--- START ---

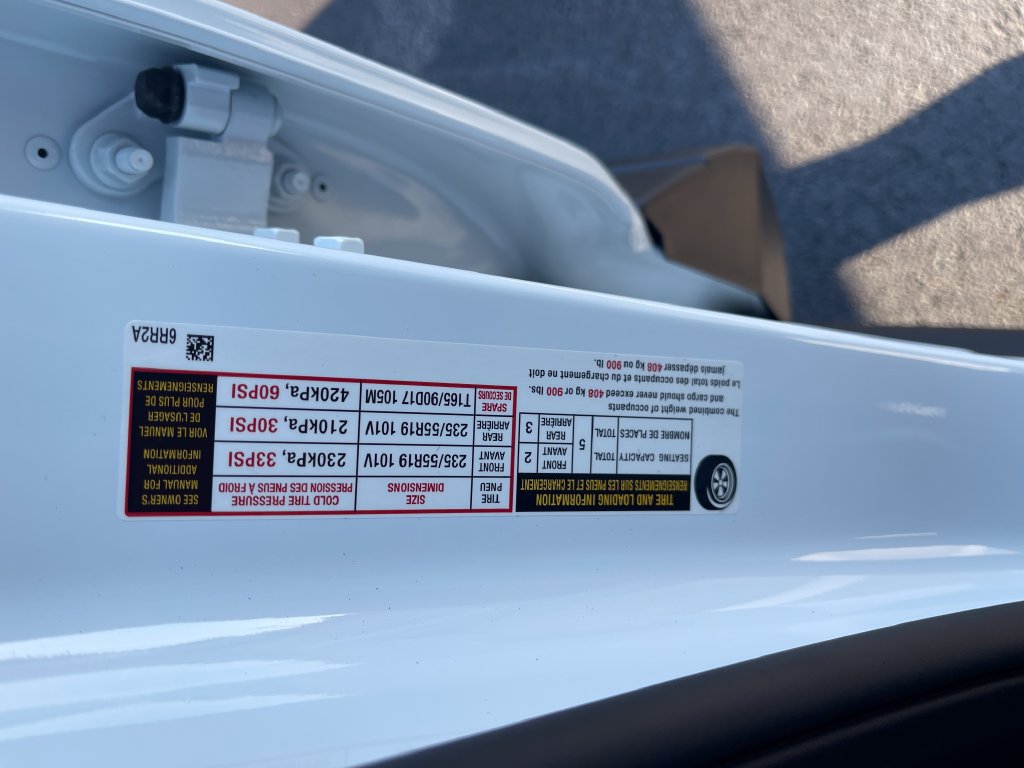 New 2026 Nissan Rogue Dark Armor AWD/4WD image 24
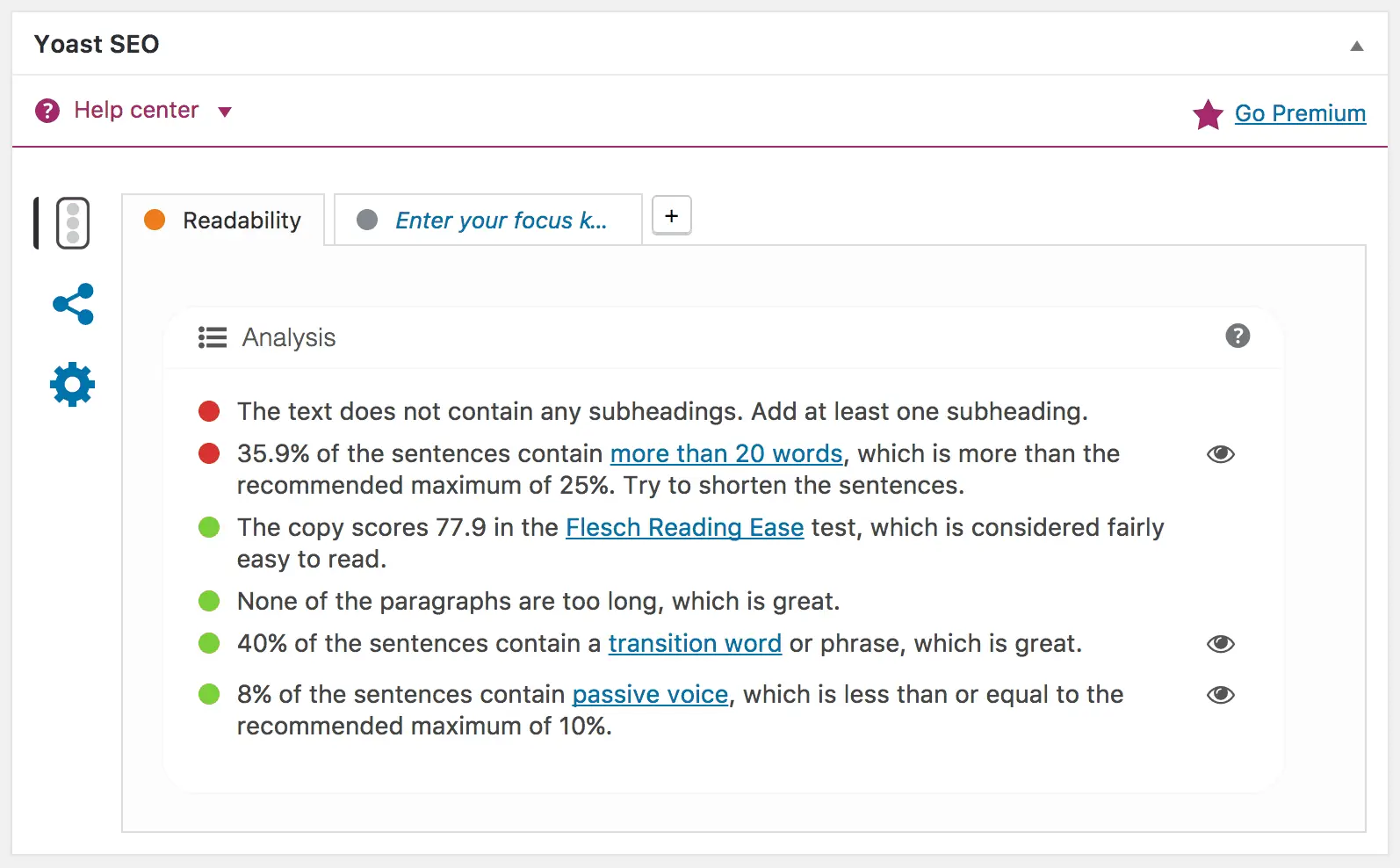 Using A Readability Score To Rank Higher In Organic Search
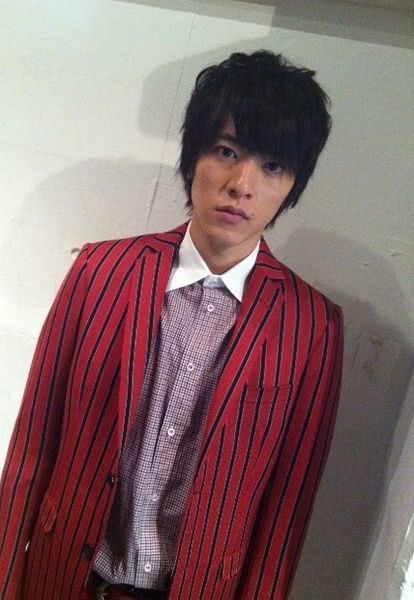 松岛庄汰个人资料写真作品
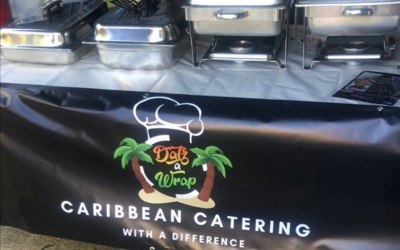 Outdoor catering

--- END ---
--- START ---

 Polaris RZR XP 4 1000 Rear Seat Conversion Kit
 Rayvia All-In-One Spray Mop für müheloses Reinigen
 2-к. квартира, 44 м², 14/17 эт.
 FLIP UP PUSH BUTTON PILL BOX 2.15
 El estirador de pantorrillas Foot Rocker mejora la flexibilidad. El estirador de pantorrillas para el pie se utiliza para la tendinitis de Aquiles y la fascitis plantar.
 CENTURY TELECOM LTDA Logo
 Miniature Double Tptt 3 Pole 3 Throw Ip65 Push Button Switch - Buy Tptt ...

--- END ---
--- START ---

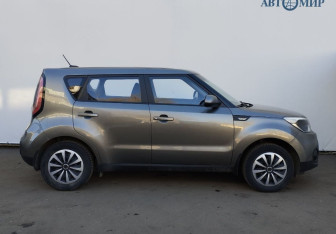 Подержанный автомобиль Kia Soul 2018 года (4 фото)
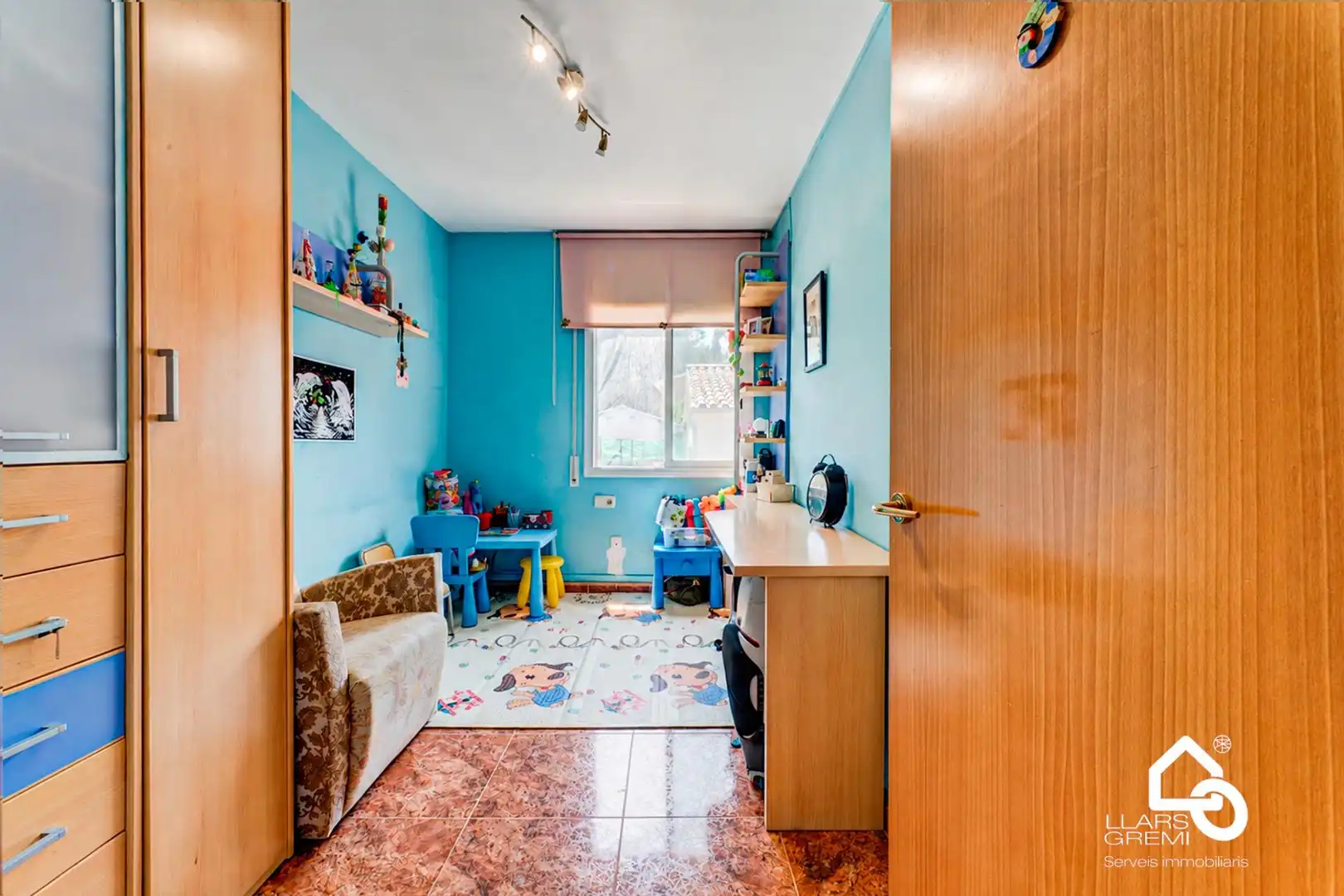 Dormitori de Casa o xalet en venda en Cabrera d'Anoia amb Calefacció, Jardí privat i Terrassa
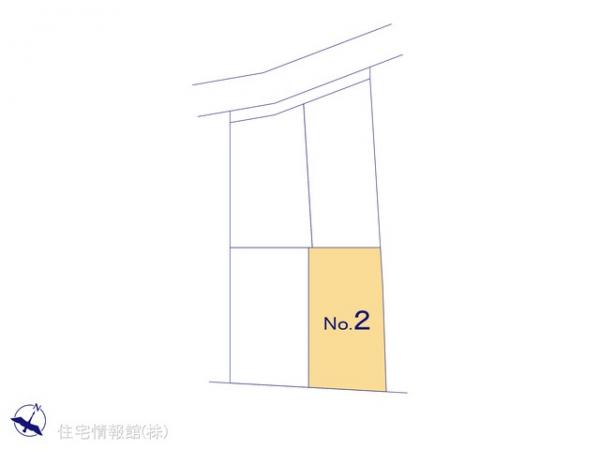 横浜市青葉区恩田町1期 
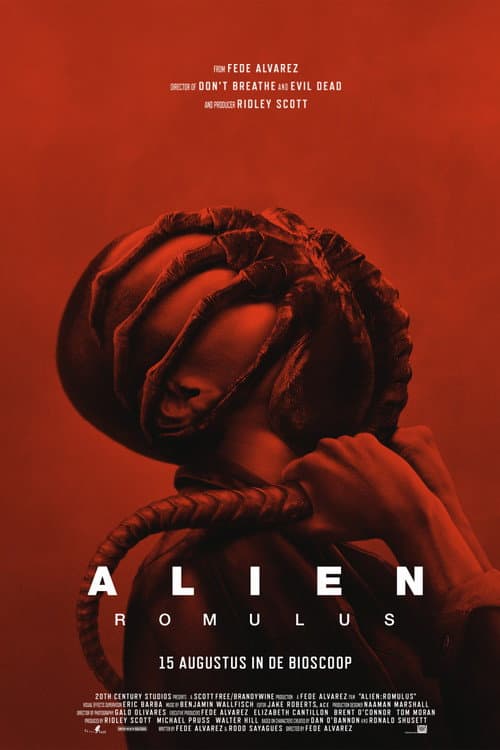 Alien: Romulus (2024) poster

--- END ---

Aim of the exercise. Reproduce the listing above only between the lines holding "New 2026 Nissan" and "Outdoor catering", inclusive. Every line must match exactly, and pictures are dropped.

Final answer.
 New 2026 Nissan Rogue Dark Armor AWD/4WD image 24
 Using A Readability Score To Rank Higher In Organic Search
 松岛庄汰个人资料写真作品
 Outdoor catering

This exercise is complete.